### Task goal
Transcribe exactly, and only, the lines running from the one that contains "甘肃兰州那家医院看皮肤病好 兰州那个医院看皮肤病好" through the last line of the material. No pictures.
Segment Start: Supplied data
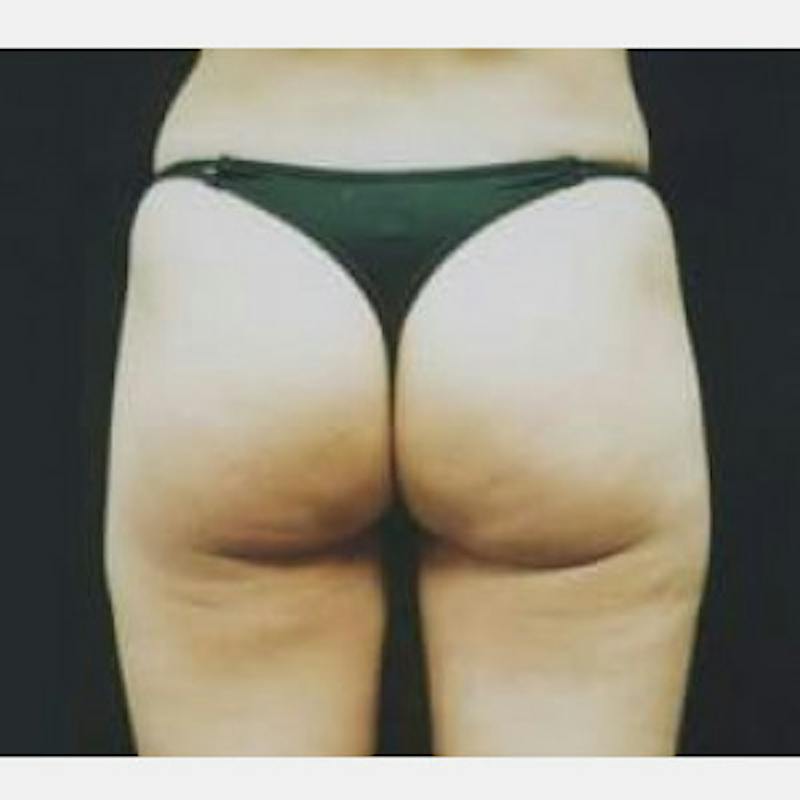 SAFElipo Before & After Gallery - Patient 631983 - Image 2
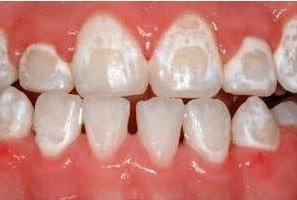 برای سفید کردن دندان ها با بریس ها چه گزینه هایی دارید؟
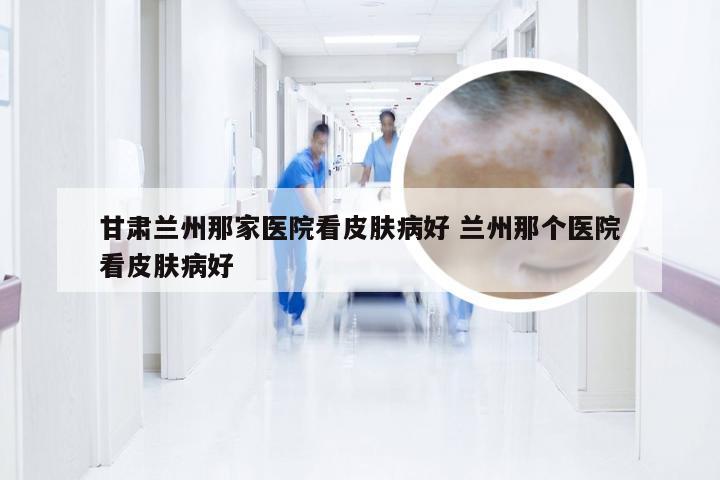 甘肃兰州那家医院看皮肤病好 兰州那个医院看皮肤病好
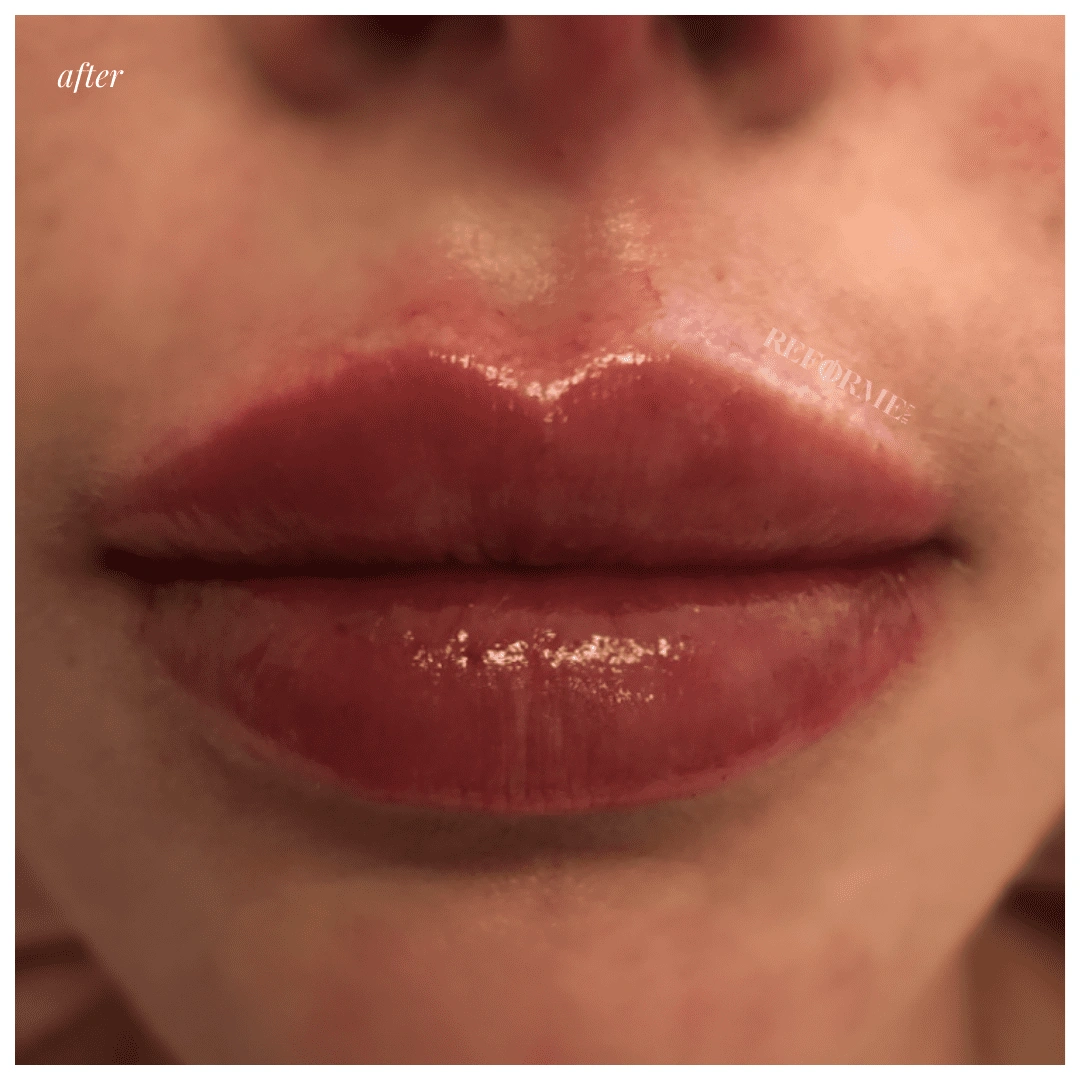 reforme lab medical spa lip filler treatments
Segment End: Supplied data
### Solution to the exercise
 甘肃兰州那家医院看皮肤病好 兰州那个医院看皮肤病好
 reforme lab medical spa lip filler treatments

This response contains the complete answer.